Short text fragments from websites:

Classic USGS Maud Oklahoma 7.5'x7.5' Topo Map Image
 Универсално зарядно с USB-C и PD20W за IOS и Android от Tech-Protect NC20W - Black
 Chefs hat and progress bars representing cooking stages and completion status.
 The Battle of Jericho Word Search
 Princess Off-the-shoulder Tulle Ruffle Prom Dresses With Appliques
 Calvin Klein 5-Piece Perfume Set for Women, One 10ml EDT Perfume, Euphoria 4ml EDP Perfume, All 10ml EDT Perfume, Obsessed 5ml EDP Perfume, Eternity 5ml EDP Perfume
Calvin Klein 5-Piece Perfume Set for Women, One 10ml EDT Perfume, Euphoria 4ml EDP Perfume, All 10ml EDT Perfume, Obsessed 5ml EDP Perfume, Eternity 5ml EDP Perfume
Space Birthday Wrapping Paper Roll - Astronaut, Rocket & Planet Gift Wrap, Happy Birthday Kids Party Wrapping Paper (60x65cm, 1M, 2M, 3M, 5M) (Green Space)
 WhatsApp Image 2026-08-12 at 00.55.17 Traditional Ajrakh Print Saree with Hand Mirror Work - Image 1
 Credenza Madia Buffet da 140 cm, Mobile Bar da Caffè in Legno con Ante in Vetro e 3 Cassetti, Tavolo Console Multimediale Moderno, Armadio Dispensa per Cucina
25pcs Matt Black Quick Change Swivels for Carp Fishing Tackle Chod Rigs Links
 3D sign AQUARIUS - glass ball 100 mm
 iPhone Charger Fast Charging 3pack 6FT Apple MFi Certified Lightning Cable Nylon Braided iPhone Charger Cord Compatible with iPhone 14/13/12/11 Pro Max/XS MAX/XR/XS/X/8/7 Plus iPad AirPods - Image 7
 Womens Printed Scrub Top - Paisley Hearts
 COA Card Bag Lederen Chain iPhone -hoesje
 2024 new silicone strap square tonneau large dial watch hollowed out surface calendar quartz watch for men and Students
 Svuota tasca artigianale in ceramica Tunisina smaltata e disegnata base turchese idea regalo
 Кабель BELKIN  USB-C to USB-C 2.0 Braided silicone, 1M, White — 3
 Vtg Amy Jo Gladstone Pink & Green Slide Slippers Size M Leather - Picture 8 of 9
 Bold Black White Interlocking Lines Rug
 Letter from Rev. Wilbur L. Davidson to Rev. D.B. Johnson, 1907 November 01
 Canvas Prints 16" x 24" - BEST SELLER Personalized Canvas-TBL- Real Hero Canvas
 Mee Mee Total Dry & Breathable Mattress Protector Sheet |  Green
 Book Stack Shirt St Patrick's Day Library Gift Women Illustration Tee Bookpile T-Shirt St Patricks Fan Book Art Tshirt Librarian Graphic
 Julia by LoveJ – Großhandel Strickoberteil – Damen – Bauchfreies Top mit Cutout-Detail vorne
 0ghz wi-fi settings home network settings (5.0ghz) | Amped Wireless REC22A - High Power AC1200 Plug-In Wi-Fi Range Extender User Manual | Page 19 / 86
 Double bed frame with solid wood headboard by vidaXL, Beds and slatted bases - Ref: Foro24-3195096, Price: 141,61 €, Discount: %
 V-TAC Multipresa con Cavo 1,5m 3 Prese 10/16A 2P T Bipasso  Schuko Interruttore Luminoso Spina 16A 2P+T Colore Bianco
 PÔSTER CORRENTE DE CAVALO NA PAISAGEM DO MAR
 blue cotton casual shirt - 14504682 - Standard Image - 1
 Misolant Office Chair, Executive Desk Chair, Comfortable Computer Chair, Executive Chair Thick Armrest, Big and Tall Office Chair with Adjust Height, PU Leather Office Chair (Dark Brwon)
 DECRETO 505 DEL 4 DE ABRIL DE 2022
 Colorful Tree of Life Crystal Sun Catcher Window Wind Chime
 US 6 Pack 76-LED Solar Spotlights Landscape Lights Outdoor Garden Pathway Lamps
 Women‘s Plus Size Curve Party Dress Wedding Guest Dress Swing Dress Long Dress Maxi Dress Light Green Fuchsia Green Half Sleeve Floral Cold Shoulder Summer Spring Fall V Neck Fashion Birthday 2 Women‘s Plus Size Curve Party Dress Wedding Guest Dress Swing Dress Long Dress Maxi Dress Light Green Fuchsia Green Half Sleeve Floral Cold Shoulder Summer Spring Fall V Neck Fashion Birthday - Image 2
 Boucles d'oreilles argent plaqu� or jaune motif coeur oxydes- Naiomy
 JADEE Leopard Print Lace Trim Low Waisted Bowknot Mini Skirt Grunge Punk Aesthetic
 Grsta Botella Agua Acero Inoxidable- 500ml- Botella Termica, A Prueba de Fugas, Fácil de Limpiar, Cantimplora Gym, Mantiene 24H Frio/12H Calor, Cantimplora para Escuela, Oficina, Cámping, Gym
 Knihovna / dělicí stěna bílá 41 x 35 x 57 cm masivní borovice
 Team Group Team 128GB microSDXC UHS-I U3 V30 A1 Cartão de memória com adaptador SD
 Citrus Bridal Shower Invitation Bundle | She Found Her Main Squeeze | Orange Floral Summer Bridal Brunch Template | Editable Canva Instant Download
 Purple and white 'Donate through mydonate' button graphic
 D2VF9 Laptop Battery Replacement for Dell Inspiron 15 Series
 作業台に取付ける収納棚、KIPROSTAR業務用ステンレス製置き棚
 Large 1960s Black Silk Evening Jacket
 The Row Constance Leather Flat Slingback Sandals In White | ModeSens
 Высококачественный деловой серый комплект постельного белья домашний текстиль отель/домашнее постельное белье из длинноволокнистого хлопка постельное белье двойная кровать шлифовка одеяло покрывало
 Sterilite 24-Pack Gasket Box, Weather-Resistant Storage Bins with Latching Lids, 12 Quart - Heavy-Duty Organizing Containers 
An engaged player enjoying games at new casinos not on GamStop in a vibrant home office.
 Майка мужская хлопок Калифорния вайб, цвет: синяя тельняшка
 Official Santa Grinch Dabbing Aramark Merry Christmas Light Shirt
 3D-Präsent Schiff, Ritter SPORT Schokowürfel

> _WORK ITEM_: Return, with no change at all, every line in the entries above from the line containing "Double bed frame" through the line containing "US 6 Pack 76-LED".

> _TASK RESPONSE_:
 Double bed frame with solid wood headboard by vidaXL, Beds and slatted bases - Ref: Foro24-3195096, Price: 141,61 €, Discount: %
 V-TAC Multipresa con Cavo 1,5m 3 Prese 10/16A 2P T Bipasso  Schuko Interruttore Luminoso Spina 16A 2P+T Colore Bianco
 PÔSTER CORRENTE DE CAVALO NA PAISAGEM DO MAR
 blue cotton casual shirt - 14504682 - Standard Image - 1
 Misolant Office Chair, Executive Desk Chair, Comfortable Computer Chair, Executive Chair Thick Armrest, Big and Tall Office Chair with Adjust Height, PU Leather Office Chair (Dark Brwon)
 DECRETO 505 DEL 4 DE ABRIL DE 2022
 Colorful Tree of Life Crystal Sun Catcher Window Wind Chime
 US 6 Pack 76-LED Solar Spotlights Landscape Lights Outdoor Garden Pathway Lamps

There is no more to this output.